How do the lines read from the one holding "Flower Blue Pink" through the last line of the listing? Set them down exactly, pictures omitted.
____
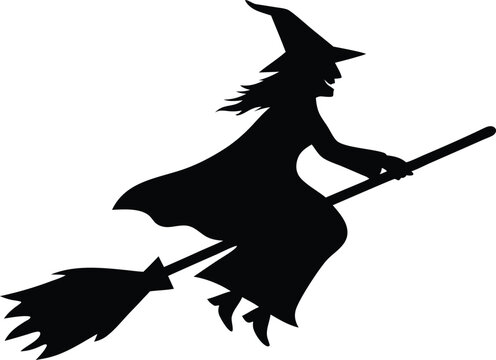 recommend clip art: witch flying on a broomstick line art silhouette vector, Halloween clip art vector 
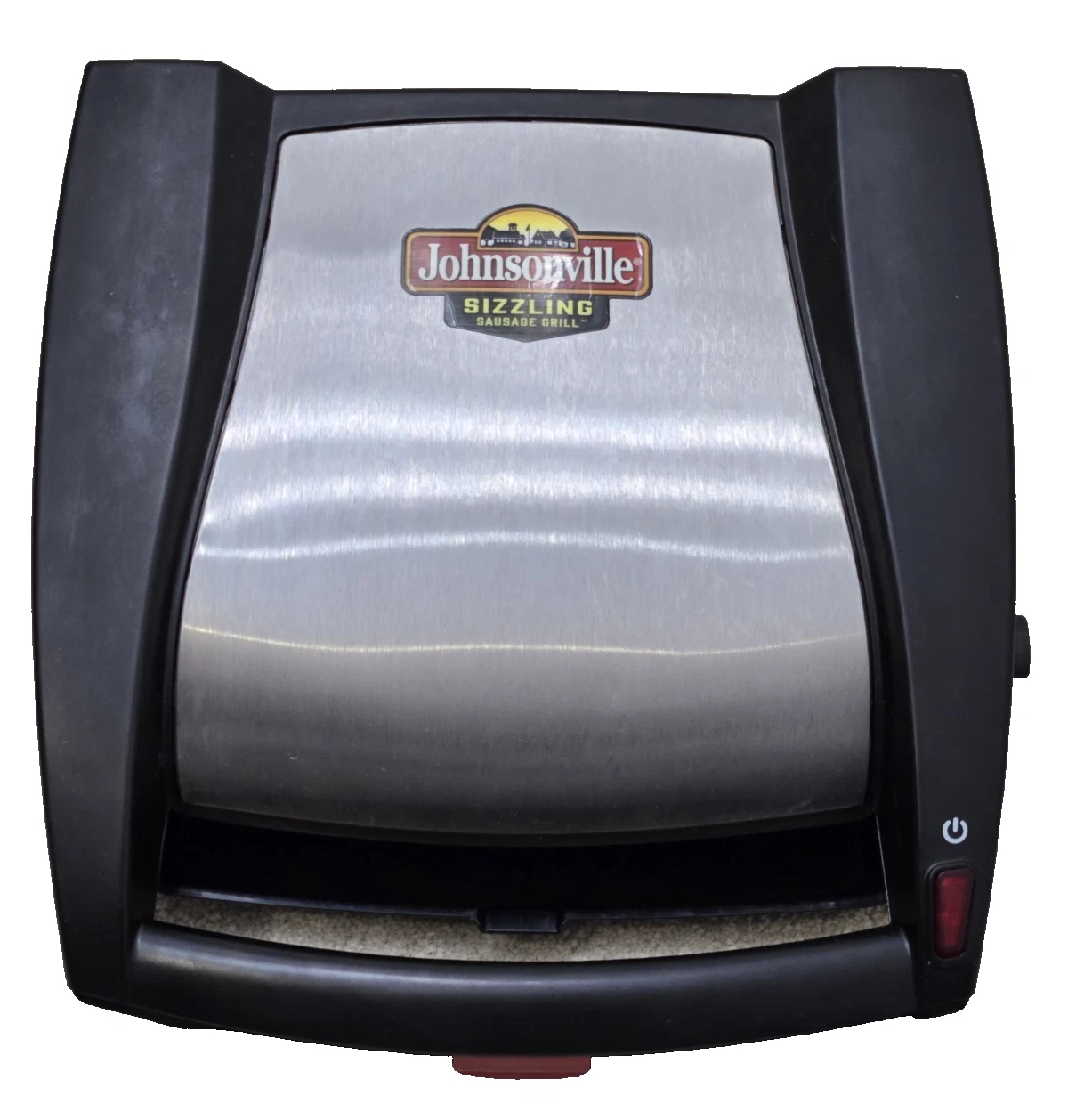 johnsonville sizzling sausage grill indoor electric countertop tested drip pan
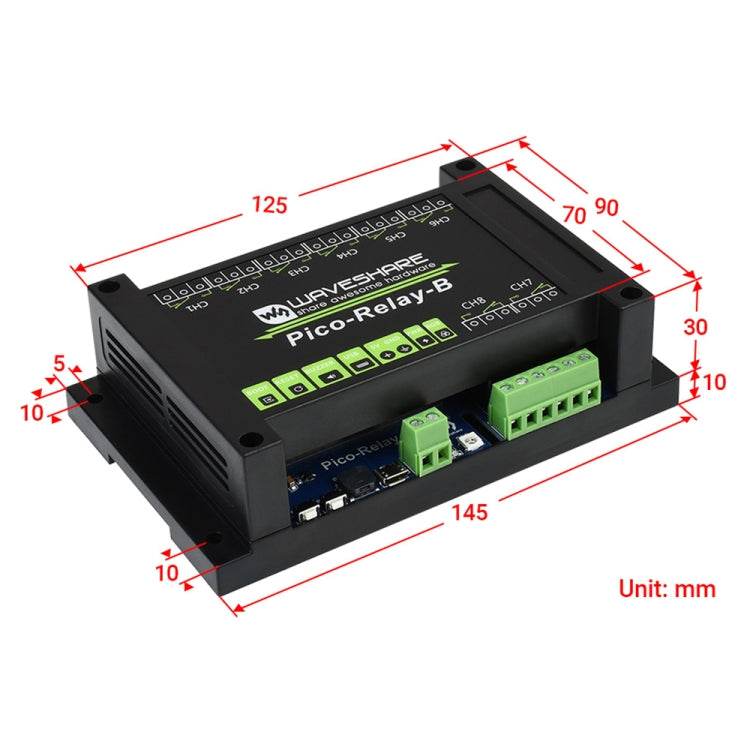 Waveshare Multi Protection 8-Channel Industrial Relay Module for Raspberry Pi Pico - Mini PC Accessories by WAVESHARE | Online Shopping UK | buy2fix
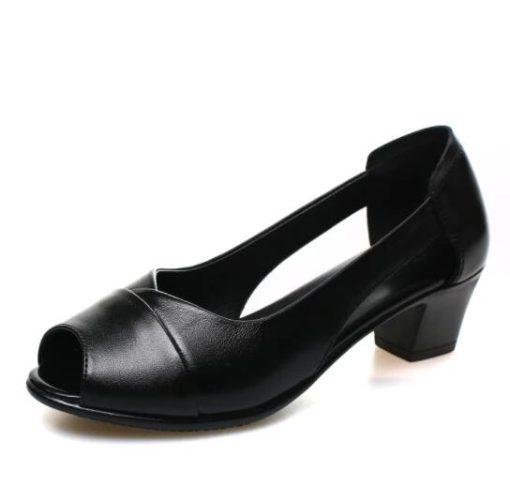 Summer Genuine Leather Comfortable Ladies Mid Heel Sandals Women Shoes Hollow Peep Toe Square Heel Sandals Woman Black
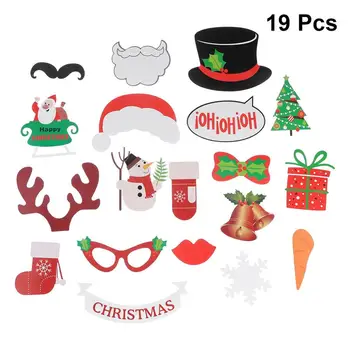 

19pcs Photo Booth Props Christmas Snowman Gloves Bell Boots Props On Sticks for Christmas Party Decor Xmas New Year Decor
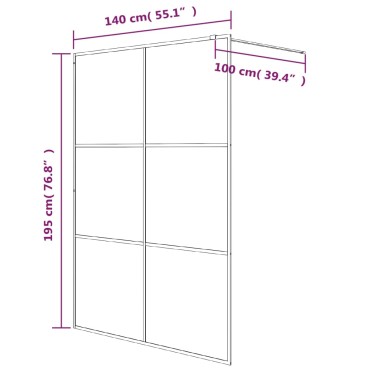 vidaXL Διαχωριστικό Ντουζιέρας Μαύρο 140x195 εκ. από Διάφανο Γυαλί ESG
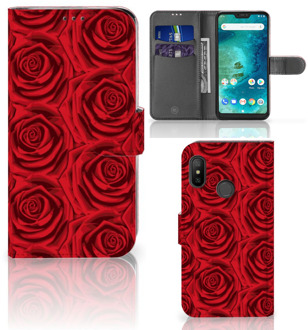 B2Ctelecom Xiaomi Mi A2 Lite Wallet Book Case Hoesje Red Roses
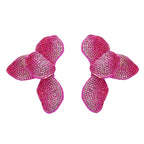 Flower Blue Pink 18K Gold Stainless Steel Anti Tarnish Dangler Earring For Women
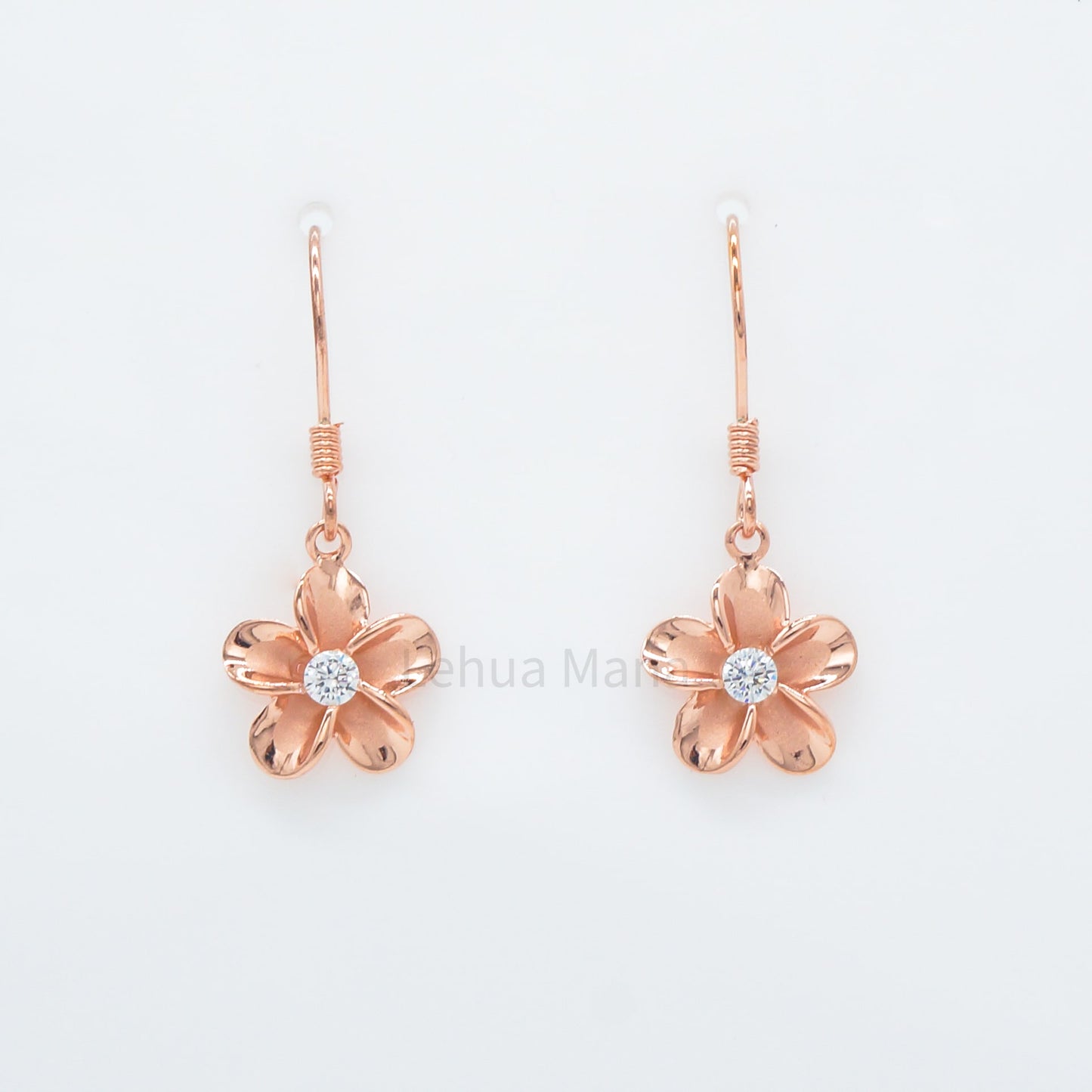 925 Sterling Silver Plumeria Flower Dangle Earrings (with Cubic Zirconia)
____
▸ Solution for this problem
 Flower Blue Pink 18K Gold Stainless Steel Anti Tarnish Dangler Earring For Women
 925 Sterling Silver Plumeria Flower Dangle Earrings (with Cubic Zirconia)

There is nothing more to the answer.